The best advice I can give you when it comes to picking out locations for wedding photography portraits is this: “What looks good to the eye doesn’t necessarily look good to the camera.”

Most wedding photographers know this well, and it’s why we just sort of smile a little knowing smile when mom or grandma announces in the bridal suite “Oh, it will be beautiful for photos today–it’s very, very sunny out! Not a cloud in the sky! Get shots in front of the fountain!”

Yes, we can and do shoot in all kinds of situations–it just may take longer to set up as we’ll need to pull out reflectors or lights and adjust them to overpower the sun or fill in the shadows.

But the best spot for photos isn’t necessarily that picturesque fountain, for example. I care less about backgrounds and more about lighting the subject properly. You want to be able to see your face and your groom’s face clearly and have the image be flattering. Who cares what the background looks like (there are ways to minimize a bad one)–you’re not marrying that fountain or that cityscape or that old door, after all–at least I hope not! 😉

The bride was cooling off in the church when I wanted to get a little more artistic photograph. While there weren’t any windows in the room to provide natural light, the interesting surroundings and foreground overpowered that for me and the existing light was definitely workable!


My advice is this for all images on your wedding day, something to keep in mind when you plan your prep, ceremony, portrait, and reception locations (I will be happy to help you with this!):

1. Light
2. Background

From best to worst:

  • Great lighting and a beautiful background is the ideal situation and will give you the best images. Nice windows and an uncluttered/distracting space is best. Think of a home that’s staged to sell–neutral paint on the wall, room to move around, very little personal items left around, clean, crisp, and bright with natural light.
  • Great light and a bad background can be worked with in my experience by a shallow depth of field, the photographer cleaning up the area a bit to remove distractions (such as in a prep room) or the bride draping or using uplighting to make the space more appealing at the reception.


The background here was busy! You have the dresses, the flowers, the carpet, the metal stanchion, some artwork on the back wall. But the lighting was pretty nice, and you definitely don’t want to miss a moment of pure happiness of the bride seeing the flowergirl. So going with a black and white was my choice to keep the focus on the subject.


  • A great background and bad lighting can be overcome with the use of external modifiers by the photographer, such as the use of auxiliary lighting. This will take longer, so add to your schedule if you have an amazing background you definitely want on your wedding day. The shot may be different than you envisioned (looking at each other instead of the camera to minimize weird face shadows, like a shadow mustache), but still possible. 

    Bride Brittany and her husband had an attractive reception venue, and they wanted to make it even nicer with uplighting and draping on the ceiling. This is a really cost-effective way to make a big impact–uplighting photographs wonderfully! Because it was dark in the hall with no natural light, we took the time to set up flashes both in front and behind them for the best background AND lighting–win/win situation!

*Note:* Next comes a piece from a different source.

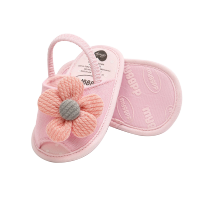 Cute Big Flower Baby Sandals Slippers Soft Cotton Summer Anti-slip Girl Shoes Princess Newborn Toddler Elastic Baby First Walking Shoes 0-18 Months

  • A busy background and no good lighting is the situation that makes us really have to get creative. 🙂 Think a dark cluttered space in the church’s basement lit by fluorescent bulbs, for example. Can it be worked with? Of course, but it takes time and you won’t love the results as much as having the photographer choose a better spot for, say, family formals, if he/she thinks it would be the stronger image. I’ll work with the bad background and the tough lighting for the candid things I can’t control, and orchestrate better spots for the things I can, such as details or bride portraits. 
    I really like the background and the lighting here (both photographer flashes and uplighting decor) but what really makes for a fun wedding portrait is bringing out your personalities and having a good time!